There are many barriers to why leaders resist change. Some that make it difficult to quickly respond to change are:

Fear and Uncertainty

In a corporate setting, we hate to admit we feel fear because we're not supposed to feel that way. Though fear is a natural human emotion, we don't necessarily need to allow it take hold of us and render us immobilized. There are things we can do about it!

The first thing is to recognize that fear is fueled by uncertainty. An effective way to work around fear is to address it head-on by identifying what may happen, what may go wrong, and what we will do about it.

Not Taking Risks

We fear taking risks because there's a lot to lose if things go wrong: money, brand equity, our reputation, customer relationships, and people either through job loss or willful termination of employment.

As humans, we avoid risk and strive for certainty and consistency. However not being willing to take risks leads to not trying new things, inaction, and inertia.

To accept more risk try the following:

  • Embrace uncertainty
  • View uncertainty as an opportunity to build a new competitive advantage
  • Find ways to manage risk effectively
  • Think through the worst thing that could happen, estimate the impact, act

Not Meeting Investor Expectations

Investors (including business owners) expect consistency in revenue, earnings growth, and profitability.

Leaders strive to meet quarterly earnings expectations. Because of this, they are less willing to take more risk today to earn a greater return tomorrow: they choose the "sure bet" and take less risk today to meet earnings projections tomorrow.

One thing to consider is that leaders may wrongly hold the assumption that investors are not willing to take on more risk to receive a greater return. Often, they are.

No Crisis Exists

It's hard to make the case for change when things are going well, and there is nothing that is forcing us to act. People prefer stability and consistency.

However, there are risks in coasting because savvy leaders are actively looking to identify emerging business opportunities and moving quickly to capture them.

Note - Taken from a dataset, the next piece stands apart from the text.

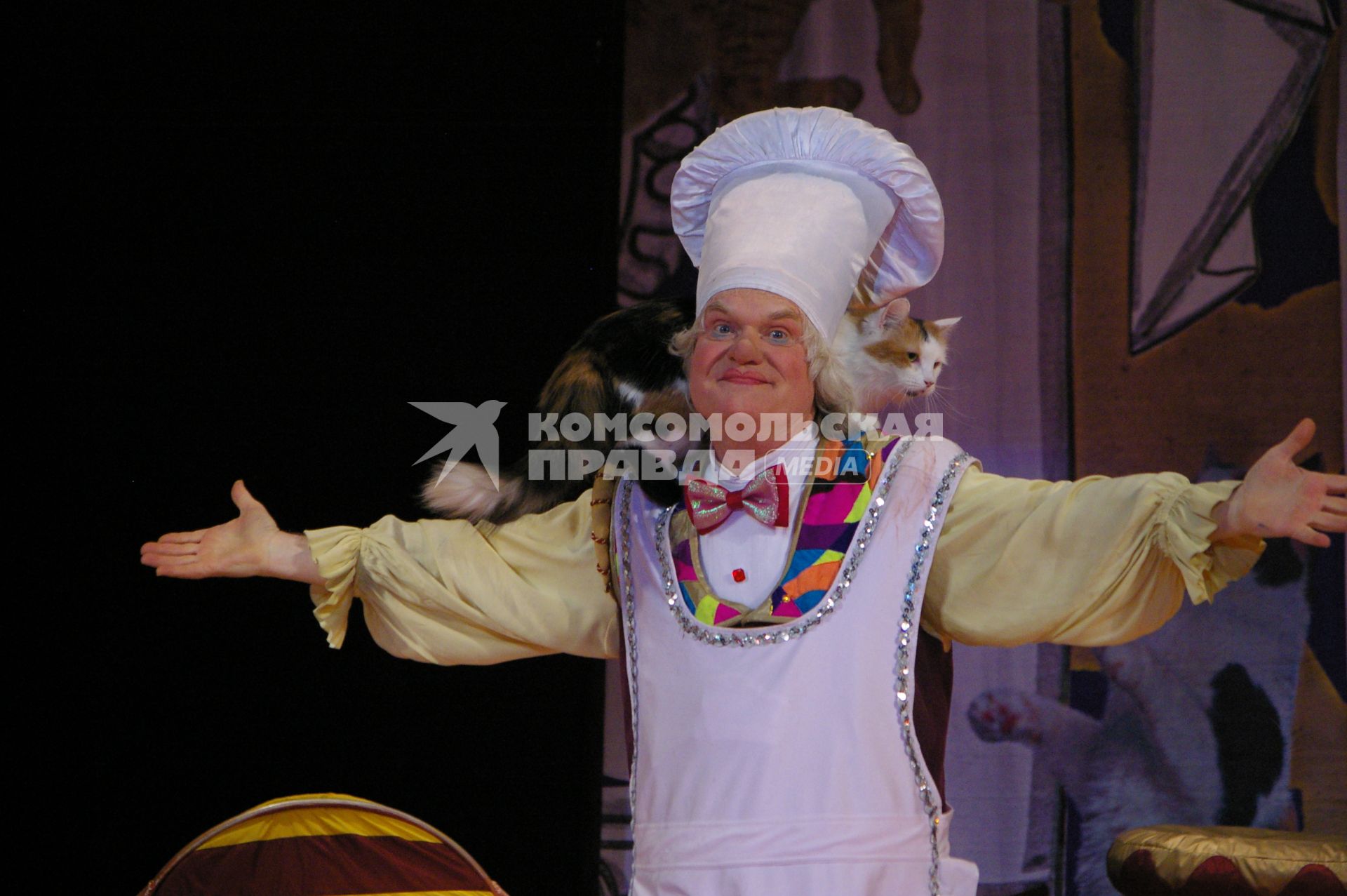 Юрий Куклачев, представление \"Кошкин дом\", Саратов, 19 марта2009 года, дрессировка, дрессура, кошка.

They are anticipating competitor moves, market changes, and new technologies to gain a competitive advantage over slower moving or resistant-to-change competitors.

Customer Resistance to Change

Customers are also conservative about trying new products, services, features, and benefits.

It takes them years to test and implement a new product. And because they can’t change fast, we can’t change fast.

Actions to take to remove this barrier are to better identify customers’ needs:

  • Gain continuous customer feedback
  • Get customers involved in developing new products and services
  • Continuously update and improve products (rather than once per year)
  • Enable customers to customize offerings

Lack of Employee Creativity and Learning

Often, decisions are made at the top and funneled down to employees to act upon. People who don't do the jobs provide employees detailed instructions how to do their jobs.

The bottom line is employees know how to do their jobs best, what problems exist, what needs to change to make things work better and are the ones to tap into to generate creative ideas.

Another common thing that happens is leaders pursue only opportunities that are achievable with current capabilities, which prevents future business growth and necessary skills development.

To stimulate creativity, learning and growth here are some actions to take:

  • Form cross-functional teams to attack particular opportunities and problems
  • Grant employees leeway to get the job done
  • Connect employees across organizational silos to stimulate new ideas
  • Add capabilities by acquiring new learning and skills
  • Set clear and aggressive learning goals
  • Make fast, focused leaning a prime objective

There are many more barriers to change, one of the most common being cultural issues. You can read about transforming organizational culture in this article.

One of the most powerful things leaders can do is to identify barriers to change by asking challenging questions that inspire discovery, new insights, and new action.

Like it or not, it’s time to throw out the old rulebook and start fresh with approaches that make sense for the new economy to pave the way to success not only for you but for your team and your customers, as well.